• **Data extract**
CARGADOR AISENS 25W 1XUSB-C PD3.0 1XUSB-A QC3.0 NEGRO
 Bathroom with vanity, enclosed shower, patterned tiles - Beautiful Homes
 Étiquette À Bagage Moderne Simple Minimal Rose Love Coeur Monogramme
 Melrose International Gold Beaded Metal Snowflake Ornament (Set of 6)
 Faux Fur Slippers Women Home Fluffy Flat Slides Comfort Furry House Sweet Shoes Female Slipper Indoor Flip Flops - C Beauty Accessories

• **Problem details**
Every line from the one containing "Étiquette À Bagage" through the last line of the entries should be output exactly; nothing else belongs in the reply.

• **Problem solution**
 Étiquette À Bagage Moderne Simple Minimal Rose Love Coeur Monogramme
 Melrose International Gold Beaded Metal Snowflake Ornament (Set of 6)
 Faux Fur Slippers Women Home Fluffy Flat Slides Comfort Furry House Sweet Shoes Female Slipper Indoor Flip Flops - C Beauty Accessories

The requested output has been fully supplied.